Supplied material

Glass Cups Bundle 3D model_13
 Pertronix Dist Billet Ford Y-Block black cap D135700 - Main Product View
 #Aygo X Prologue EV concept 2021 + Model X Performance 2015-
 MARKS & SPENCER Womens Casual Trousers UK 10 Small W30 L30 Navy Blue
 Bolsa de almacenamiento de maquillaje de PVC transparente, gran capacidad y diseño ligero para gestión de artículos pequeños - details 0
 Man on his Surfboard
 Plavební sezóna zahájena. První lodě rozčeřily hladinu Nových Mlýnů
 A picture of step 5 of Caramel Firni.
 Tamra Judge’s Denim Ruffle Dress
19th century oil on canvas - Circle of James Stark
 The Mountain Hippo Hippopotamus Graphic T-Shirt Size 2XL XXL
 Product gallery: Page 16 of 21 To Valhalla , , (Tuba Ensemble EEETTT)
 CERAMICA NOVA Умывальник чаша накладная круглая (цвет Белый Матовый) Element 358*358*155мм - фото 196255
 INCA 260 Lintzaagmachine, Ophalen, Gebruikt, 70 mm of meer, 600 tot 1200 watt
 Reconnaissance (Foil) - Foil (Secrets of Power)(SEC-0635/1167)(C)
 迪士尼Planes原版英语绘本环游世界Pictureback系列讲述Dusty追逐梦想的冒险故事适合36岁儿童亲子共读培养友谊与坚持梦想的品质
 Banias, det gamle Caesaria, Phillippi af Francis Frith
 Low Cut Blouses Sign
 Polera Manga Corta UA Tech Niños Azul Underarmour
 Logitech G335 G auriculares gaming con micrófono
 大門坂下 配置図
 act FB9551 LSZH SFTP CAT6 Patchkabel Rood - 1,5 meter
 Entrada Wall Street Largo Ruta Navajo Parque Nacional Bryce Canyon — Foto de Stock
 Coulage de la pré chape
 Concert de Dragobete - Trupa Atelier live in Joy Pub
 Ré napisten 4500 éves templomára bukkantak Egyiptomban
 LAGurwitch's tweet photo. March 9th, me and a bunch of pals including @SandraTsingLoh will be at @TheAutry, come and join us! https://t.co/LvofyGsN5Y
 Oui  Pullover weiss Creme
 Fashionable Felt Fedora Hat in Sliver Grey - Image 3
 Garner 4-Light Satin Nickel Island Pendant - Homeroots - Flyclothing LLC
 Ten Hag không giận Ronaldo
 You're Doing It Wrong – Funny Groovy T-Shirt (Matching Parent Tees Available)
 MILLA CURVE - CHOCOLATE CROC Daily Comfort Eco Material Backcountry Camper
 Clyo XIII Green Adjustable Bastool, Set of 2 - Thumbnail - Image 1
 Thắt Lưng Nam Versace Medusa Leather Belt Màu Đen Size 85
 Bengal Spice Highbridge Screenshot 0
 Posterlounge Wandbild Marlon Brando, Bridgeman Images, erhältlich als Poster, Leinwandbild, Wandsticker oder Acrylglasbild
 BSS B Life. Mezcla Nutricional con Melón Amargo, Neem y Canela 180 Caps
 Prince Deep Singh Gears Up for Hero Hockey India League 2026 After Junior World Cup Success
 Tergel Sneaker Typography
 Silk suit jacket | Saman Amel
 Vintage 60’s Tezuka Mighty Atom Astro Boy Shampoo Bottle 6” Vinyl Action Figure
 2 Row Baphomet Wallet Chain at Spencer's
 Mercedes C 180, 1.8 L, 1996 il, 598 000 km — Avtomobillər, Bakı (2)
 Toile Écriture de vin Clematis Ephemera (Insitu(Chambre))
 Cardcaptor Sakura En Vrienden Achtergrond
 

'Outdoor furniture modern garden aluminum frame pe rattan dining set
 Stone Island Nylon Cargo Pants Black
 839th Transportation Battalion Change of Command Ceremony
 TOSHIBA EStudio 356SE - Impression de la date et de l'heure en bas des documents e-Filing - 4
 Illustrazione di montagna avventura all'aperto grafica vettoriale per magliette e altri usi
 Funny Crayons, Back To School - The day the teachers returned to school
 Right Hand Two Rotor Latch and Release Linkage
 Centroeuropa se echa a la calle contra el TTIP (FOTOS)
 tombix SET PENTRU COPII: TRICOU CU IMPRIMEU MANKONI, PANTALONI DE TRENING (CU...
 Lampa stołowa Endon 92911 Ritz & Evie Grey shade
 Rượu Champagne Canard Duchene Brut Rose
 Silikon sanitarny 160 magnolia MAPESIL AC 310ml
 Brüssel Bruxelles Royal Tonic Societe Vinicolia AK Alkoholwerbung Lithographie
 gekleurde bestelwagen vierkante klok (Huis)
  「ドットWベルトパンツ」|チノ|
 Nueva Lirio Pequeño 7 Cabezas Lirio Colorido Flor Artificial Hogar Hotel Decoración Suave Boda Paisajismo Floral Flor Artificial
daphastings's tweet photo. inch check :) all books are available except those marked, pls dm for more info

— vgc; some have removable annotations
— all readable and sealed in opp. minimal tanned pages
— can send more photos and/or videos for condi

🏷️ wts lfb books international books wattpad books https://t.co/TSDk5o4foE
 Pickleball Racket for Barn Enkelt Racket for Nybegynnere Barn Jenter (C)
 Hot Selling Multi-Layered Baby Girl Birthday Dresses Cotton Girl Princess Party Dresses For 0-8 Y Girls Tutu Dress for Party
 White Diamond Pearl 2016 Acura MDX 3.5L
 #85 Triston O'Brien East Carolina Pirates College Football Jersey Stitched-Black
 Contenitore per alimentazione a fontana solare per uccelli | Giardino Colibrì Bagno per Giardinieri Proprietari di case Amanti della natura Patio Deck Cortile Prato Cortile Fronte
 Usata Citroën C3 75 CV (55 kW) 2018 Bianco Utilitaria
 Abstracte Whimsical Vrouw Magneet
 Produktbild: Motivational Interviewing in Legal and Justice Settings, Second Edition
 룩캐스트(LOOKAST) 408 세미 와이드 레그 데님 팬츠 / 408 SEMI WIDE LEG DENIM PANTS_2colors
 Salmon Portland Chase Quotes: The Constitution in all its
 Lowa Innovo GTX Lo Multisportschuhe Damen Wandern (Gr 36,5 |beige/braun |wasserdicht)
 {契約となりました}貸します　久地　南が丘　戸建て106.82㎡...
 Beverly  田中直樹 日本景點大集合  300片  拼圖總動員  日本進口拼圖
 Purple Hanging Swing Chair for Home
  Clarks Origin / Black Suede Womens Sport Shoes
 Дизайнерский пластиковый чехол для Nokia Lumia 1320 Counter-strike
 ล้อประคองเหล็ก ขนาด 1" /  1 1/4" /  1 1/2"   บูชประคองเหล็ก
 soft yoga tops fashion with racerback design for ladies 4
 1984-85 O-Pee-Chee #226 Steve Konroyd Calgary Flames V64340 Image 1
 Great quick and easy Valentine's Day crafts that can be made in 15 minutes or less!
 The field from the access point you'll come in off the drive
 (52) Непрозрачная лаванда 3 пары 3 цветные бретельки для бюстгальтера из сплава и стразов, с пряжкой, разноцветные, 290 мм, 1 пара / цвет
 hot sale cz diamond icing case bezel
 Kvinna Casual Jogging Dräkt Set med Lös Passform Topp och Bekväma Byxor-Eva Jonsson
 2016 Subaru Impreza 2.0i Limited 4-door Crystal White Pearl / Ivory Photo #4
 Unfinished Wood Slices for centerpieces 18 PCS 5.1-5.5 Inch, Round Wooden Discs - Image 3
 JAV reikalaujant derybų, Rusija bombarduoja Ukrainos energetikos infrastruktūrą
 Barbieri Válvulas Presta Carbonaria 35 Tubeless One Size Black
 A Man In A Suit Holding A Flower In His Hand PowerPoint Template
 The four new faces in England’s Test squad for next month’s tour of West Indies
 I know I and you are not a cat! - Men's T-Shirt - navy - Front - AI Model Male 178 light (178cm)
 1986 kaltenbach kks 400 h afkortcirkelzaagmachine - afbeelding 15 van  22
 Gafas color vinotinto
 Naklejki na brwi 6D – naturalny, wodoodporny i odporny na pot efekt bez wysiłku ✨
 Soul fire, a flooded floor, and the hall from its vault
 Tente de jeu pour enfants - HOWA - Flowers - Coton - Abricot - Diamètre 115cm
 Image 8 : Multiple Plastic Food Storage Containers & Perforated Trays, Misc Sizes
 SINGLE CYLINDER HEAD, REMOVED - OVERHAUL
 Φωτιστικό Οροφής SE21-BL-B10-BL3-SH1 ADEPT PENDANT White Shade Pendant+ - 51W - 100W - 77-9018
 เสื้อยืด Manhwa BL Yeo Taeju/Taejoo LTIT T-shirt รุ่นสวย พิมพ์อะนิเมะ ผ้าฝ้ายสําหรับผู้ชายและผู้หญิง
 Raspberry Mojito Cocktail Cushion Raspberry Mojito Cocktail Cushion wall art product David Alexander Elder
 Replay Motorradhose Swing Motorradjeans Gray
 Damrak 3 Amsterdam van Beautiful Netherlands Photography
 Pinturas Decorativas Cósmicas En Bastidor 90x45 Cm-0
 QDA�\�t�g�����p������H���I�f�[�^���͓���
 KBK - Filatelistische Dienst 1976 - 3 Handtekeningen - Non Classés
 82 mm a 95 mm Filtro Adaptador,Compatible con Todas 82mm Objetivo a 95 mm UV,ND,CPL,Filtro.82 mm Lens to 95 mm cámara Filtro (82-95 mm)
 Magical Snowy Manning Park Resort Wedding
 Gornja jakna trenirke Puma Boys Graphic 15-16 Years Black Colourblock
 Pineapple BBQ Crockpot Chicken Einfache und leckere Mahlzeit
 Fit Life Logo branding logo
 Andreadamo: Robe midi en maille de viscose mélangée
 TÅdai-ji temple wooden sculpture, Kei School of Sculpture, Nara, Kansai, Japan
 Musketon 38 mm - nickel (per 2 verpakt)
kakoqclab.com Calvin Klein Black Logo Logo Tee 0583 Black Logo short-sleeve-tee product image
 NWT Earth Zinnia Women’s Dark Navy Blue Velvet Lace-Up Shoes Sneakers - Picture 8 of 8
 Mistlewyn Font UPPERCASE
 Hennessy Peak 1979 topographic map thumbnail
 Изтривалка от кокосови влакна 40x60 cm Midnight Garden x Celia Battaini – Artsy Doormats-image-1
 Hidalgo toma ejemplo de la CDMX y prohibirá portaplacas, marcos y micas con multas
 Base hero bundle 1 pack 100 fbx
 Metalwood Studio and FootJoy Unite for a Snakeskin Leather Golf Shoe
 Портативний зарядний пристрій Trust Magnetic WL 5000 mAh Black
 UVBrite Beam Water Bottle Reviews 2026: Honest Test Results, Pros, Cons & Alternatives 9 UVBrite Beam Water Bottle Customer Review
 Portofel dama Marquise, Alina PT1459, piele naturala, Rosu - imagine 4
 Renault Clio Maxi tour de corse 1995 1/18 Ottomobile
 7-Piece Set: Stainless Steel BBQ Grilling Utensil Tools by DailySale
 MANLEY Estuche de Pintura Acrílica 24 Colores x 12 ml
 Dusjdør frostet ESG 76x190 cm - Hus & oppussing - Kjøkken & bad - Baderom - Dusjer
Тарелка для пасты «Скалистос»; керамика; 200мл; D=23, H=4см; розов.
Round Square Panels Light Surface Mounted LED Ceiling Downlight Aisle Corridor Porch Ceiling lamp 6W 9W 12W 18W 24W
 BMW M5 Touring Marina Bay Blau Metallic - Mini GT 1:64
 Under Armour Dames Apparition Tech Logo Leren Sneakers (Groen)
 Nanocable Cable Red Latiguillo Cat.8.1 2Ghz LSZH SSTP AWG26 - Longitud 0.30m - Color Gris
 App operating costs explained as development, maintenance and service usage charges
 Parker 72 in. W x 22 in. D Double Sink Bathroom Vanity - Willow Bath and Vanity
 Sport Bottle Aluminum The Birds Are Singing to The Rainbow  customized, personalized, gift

What this task involves
Whatever else the listing above holds, retype exactly only the lines from the one containing "Logitech G335 G" to the one containing "Clyo XIII Green", both ends kept.

Reply to the task
 Logitech G335 G auriculares gaming con micrófono
 大門坂下 配置図
 act FB9551 LSZH SFTP CAT6 Patchkabel Rood - 1,5 meter
 Entrada Wall Street Largo Ruta Navajo Parque Nacional Bryce Canyon — Foto de Stock
 Coulage de la pré chape
 Concert de Dragobete - Trupa Atelier live in Joy Pub
 Ré napisten 4500 éves templomára bukkantak Egyiptomban
 LAGurwitch's tweet photo. March 9th, me and a bunch of pals including @SandraTsingLoh will be at @TheAutry, come and join us! https://t.co/LvofyGsN5Y
 Oui  Pullover weiss Creme
 Fashionable Felt Fedora Hat in Sliver Grey - Image 3
 Garner 4-Light Satin Nickel Island Pendant - Homeroots - Flyclothing LLC
 Ten Hag không giận Ronaldo
 You're Doing It Wrong – Funny Groovy T-Shirt (Matching Parent Tees Available)
 MILLA CURVE - CHOCOLATE CROC Daily Comfort Eco Material Backcountry Camper
 Clyo XIII Green Adjustable Bastool, Set of 2 - Thumbnail - Image 1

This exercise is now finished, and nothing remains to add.